19Le directeur peut se faire représenter par un agent ayant au moins le grade d'inspecteur 1 . Pour assurer un fonctionnement optimal du dispositif, il est nécessaire que les commissions aient, dans chaque Direction des Services fiscaux, un interlocuteur unique, ce qui suppose que, sauf empêchement ou circonstance particulière, la représentation du directeur soit toujours assurée par le même agent.


  IV. Informations susceptibles d'être échangées


20L'administration fiscale est déliée du secret professionnel par l'article L. 331-3 du Code de la consommation.

En application de ce texte, la commission « peut obtenir communication auprès des administrations publiques, des établissements de crédit, des organismes de sécurité et de prévoyance sociale ainsi que des services chargés de centraliser les risques bancaires et les incidents de paiement, de tout renseignement de nature à lui donner une exacte information sur la situation du débiteur, l'évolution de celle-ci et les procédures de conciliation amiables en cours ».

21Le montant et le détail des dettes fiscales seront communiqués à la commission par le trésorier-payeur général pour les impositions dont le recouvrement incombe aux services de la comptabilité publique et par le directeur des services fiscaux pour ce qui concerne les taxes et droits recouvrés par la DGI 2 .

S'agissant des autres renseignements détenus par les services de la DGI, devront être communiqués à la commission tous ceux qui présentent un intérêt pour l'instruction du dossier du contribuable surendetté, à la demande de celle-ci ou à l'initiative du directeur.

Il en est ainsi de toutes informations permettant à la commission d'apprécier le comportement de la personne surendettée au regard de ses obligations fiscales, ainsi que de mieux appréhender l'ensemble de ses ressources.

Ces dernières, doivent s'entendre non seulement des revenus proprement dits et des éléments composant le patrimoine de l'intéressé, mais également, par exemple, des aides de toutes sortes lui bénéficiant ou susceptibles de lui bénéficier (ex : personnes tenues, à son égard, à une obligation d'assistance, concubins aux ressources suffisantes pour partager certaines charges de la vie commune, etc.).

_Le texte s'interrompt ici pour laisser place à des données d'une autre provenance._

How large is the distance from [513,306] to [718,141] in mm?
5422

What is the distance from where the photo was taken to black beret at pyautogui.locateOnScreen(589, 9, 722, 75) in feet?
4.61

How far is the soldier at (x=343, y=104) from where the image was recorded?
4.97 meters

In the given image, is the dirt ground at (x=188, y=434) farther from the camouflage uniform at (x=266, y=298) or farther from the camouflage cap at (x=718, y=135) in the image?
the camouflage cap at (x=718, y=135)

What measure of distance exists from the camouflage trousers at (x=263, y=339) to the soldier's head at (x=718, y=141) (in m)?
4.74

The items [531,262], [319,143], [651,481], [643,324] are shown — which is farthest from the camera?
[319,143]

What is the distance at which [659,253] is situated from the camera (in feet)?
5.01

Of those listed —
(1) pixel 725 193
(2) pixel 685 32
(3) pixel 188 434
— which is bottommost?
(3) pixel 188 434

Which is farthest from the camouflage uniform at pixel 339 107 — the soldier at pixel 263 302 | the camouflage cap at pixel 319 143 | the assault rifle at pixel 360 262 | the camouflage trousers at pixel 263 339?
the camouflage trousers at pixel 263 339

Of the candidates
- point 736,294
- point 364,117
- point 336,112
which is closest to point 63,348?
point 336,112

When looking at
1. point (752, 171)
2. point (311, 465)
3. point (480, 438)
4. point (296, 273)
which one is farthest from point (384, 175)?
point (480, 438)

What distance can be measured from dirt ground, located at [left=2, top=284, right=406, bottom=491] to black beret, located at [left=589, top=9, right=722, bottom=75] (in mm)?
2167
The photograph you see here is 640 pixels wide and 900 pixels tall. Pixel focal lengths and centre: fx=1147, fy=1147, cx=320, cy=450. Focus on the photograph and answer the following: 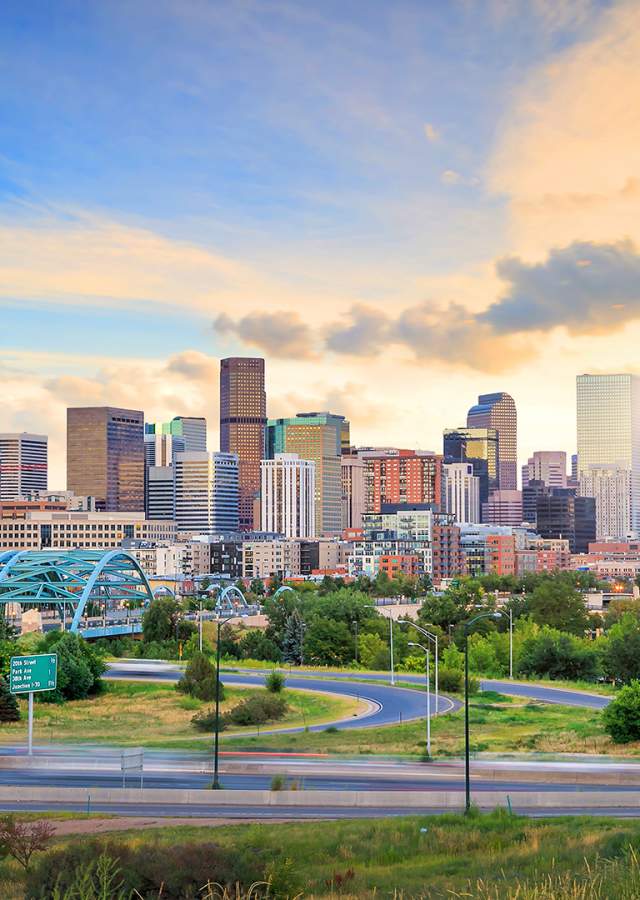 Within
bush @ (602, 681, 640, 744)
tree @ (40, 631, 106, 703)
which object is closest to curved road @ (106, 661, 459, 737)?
tree @ (40, 631, 106, 703)

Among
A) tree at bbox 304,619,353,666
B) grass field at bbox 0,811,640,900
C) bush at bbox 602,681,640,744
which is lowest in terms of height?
tree at bbox 304,619,353,666

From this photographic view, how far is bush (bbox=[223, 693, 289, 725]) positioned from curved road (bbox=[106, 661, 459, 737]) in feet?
10.3

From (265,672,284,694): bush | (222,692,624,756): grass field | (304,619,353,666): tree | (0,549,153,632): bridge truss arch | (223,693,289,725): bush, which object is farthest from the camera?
(0,549,153,632): bridge truss arch

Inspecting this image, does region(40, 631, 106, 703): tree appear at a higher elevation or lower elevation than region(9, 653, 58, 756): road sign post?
lower

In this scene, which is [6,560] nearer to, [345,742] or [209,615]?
[209,615]

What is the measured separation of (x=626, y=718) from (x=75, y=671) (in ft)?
132

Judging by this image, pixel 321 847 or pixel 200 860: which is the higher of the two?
pixel 200 860

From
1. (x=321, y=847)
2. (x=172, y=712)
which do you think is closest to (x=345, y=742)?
(x=172, y=712)

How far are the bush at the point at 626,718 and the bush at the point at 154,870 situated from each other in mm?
40524

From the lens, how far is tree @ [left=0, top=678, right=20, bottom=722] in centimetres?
7288

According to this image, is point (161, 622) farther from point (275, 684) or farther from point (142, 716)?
point (142, 716)

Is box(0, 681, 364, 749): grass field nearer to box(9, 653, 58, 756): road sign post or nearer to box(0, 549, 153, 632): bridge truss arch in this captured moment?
box(9, 653, 58, 756): road sign post

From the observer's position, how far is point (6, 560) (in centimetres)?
13925

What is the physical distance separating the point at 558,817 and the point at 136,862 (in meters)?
20.9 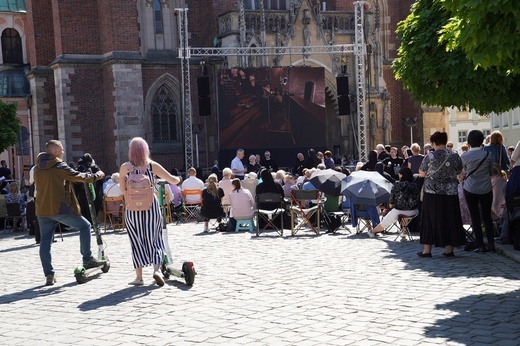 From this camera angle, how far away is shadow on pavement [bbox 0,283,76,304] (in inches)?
384

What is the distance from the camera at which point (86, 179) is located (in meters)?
10.8

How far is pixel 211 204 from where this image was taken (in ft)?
59.3

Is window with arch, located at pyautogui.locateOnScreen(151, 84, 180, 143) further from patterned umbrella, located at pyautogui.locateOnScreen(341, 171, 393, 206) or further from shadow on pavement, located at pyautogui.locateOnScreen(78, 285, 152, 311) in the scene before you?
shadow on pavement, located at pyautogui.locateOnScreen(78, 285, 152, 311)

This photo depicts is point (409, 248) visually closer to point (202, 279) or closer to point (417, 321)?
point (202, 279)

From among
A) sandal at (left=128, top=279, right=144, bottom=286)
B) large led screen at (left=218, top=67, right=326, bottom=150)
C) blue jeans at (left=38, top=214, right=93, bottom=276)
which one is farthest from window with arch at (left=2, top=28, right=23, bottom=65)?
sandal at (left=128, top=279, right=144, bottom=286)

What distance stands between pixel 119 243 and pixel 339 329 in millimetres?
9637

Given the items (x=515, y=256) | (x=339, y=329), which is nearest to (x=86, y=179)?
(x=339, y=329)

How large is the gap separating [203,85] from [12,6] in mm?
23150

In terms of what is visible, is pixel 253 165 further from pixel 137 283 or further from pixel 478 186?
pixel 137 283

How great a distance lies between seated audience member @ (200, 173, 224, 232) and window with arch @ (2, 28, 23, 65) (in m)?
30.7

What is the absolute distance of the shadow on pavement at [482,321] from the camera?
21.8ft

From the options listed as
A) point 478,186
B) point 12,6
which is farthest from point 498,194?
point 12,6

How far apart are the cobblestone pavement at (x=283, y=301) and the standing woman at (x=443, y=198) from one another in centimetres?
41

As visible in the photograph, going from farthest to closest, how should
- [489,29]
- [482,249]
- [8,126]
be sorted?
1. [8,126]
2. [482,249]
3. [489,29] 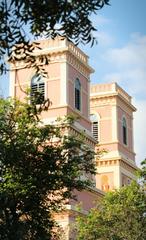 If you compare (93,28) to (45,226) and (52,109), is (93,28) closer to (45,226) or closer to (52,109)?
(45,226)

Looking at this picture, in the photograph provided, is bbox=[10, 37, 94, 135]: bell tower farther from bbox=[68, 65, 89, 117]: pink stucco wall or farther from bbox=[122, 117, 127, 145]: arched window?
bbox=[122, 117, 127, 145]: arched window

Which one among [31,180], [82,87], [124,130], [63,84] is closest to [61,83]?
[63,84]

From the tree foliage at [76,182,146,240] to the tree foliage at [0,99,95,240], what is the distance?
20.8 feet

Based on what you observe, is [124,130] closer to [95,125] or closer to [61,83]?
[95,125]

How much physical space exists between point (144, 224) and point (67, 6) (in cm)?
1995

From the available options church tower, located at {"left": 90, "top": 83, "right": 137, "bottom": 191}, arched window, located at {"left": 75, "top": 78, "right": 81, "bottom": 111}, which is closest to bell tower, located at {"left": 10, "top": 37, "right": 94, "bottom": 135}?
arched window, located at {"left": 75, "top": 78, "right": 81, "bottom": 111}

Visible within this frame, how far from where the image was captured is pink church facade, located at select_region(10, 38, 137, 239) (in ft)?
118

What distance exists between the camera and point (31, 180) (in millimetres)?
18438

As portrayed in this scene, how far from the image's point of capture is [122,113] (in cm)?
4638

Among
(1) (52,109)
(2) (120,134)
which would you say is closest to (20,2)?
(1) (52,109)

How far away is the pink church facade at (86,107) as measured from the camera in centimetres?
3584

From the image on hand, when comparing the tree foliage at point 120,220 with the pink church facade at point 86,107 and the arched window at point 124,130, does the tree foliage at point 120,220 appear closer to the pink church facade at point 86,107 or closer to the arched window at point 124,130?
the pink church facade at point 86,107

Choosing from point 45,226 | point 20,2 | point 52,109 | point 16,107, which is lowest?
point 45,226

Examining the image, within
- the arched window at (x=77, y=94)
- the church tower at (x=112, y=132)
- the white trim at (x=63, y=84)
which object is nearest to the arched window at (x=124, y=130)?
the church tower at (x=112, y=132) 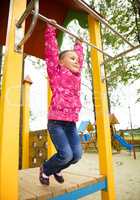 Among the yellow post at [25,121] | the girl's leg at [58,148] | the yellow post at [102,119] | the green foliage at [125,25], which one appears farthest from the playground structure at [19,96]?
the green foliage at [125,25]

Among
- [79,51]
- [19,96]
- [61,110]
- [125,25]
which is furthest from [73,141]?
[125,25]

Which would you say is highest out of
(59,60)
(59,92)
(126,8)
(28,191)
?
(126,8)

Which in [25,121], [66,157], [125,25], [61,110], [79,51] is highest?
[125,25]

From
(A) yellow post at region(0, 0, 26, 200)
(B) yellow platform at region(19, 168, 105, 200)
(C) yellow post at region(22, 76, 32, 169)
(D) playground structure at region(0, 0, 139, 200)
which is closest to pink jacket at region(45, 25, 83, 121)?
(D) playground structure at region(0, 0, 139, 200)

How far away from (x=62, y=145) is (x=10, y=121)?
0.50 meters

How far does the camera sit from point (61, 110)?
1.73m

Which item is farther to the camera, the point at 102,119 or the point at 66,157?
the point at 102,119

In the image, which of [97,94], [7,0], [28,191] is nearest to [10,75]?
[28,191]

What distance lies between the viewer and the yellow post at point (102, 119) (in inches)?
81.3

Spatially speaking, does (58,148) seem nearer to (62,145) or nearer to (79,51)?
(62,145)

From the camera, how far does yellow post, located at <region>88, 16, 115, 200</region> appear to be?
2064mm

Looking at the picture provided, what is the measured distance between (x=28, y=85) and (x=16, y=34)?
3.07 metres

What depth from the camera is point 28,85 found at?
14.9 feet

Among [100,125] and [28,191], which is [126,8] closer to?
[100,125] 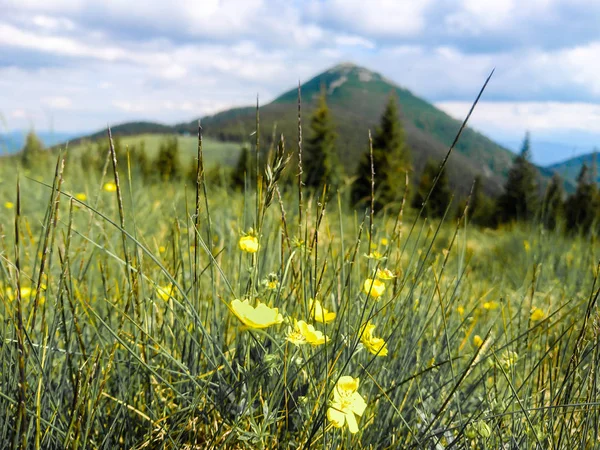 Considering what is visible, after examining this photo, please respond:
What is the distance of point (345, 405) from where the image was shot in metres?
0.71

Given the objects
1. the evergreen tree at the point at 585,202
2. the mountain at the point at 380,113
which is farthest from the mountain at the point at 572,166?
the mountain at the point at 380,113

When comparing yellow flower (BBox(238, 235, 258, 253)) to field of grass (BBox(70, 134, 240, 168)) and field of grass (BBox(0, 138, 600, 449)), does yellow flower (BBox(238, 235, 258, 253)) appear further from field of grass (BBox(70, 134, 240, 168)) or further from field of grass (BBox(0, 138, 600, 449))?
field of grass (BBox(70, 134, 240, 168))

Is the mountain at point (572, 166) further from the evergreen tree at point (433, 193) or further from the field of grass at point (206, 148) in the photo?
the field of grass at point (206, 148)

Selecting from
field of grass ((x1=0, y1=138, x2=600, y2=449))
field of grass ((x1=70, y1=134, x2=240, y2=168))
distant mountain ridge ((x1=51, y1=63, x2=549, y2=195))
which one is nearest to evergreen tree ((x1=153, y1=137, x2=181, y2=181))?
field of grass ((x1=0, y1=138, x2=600, y2=449))

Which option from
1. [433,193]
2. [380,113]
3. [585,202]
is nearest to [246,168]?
[585,202]

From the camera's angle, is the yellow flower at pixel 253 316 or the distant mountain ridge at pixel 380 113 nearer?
→ the yellow flower at pixel 253 316

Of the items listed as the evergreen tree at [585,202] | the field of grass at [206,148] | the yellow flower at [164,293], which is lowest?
the field of grass at [206,148]

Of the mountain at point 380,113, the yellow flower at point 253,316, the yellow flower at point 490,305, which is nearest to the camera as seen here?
the yellow flower at point 253,316

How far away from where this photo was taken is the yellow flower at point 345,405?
0.68m

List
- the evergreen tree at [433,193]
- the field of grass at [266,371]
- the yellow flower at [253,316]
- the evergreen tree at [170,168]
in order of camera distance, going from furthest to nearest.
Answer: the evergreen tree at [170,168], the evergreen tree at [433,193], the field of grass at [266,371], the yellow flower at [253,316]

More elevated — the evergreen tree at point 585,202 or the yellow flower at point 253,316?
the yellow flower at point 253,316

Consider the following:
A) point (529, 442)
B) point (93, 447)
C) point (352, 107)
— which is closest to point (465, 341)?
point (529, 442)

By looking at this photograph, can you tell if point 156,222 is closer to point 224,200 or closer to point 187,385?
point 224,200

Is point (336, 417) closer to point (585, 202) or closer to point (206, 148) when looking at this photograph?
point (585, 202)
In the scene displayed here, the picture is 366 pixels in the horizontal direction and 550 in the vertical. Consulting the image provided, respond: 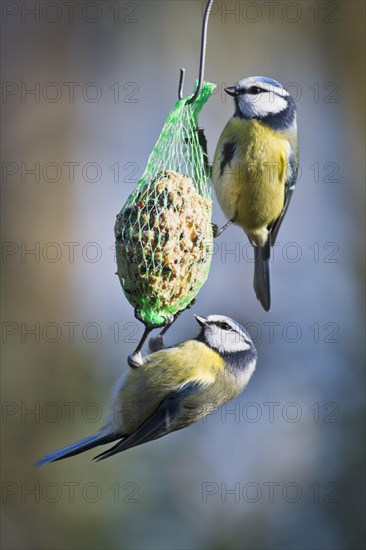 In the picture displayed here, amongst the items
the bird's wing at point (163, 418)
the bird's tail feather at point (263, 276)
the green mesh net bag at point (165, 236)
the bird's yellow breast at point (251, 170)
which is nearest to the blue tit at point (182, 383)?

Lorsqu'un contrôle fiscal est en cours, il conviendra d'informer la commission des redressements envisagés dès lors qu'ils ont été acceptés ou confirmés par lettre n° 3926.

De même, la commission devra être tenue informée du dépôt des réclamations et de l'engagement de recours juridictionnels, de l'issue des procédures contentieuses ou gracieuses, ainsi que des dégrèvements contentieux et gracieux prononcés ou envisagés, dans la mesure où cette information peut permettre une appréciation actualisée et prospective de la situation de la personne surendettée.

Elle est également informée des décisions prises mais non encore notifiées au débiteur, afin d'avoir une vue globale des remboursements auxquels celui-ci devra faire face.

Le directeur ou son représentant devront être les interlocuteurs uniques de la commission pour tout échange d'information au sein de chaque direction des services fiscaux.


  V. Instruction des demandes de remise ou modération gracieuses présentées par des personnes qui ont, par ailleurs, saisi une commission de surendettement


22Remarque préliminaire : lorsque la commission se prononce sur la recevabilité d'un dossier, elle informe le débiteur, si celui-ci a également des dettes fiscales, qu'il peut en solliciter la remise ou modération auprès du service des Impôts dans les conditions prévues à l'article L. 247 du LPF.

23Au cours de la phase amiable, aucune recommandation n'ayant encore été formulée, il conviendra d'informer la commission de la composition de la dette fiscale de la personne surendettée ainsi que, le cas échéant, des mesures gracieuses prononcées ou envisagées.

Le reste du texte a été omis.